INSTRUCTIONS FOR THE TASK >>
If a line includes "Rent", copy it out of the entries.

=== DATA LISTING ===

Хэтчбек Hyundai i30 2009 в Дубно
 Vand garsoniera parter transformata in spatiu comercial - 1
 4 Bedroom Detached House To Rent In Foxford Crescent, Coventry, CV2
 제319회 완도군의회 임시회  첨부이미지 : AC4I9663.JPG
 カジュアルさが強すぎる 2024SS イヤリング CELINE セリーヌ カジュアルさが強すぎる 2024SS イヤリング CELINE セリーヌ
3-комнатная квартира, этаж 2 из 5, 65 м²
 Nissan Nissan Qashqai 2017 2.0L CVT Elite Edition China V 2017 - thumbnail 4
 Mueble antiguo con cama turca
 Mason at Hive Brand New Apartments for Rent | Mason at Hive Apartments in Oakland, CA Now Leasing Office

===

RESULT FOR THIS EXERCISE >>
 4 Bedroom Detached House To Rent In Foxford Crescent, Coventry, CV2
 Mason at Hive Brand New Apartments for Rent | Mason at Hive Apartments in Oakland, CA Now Leasing Office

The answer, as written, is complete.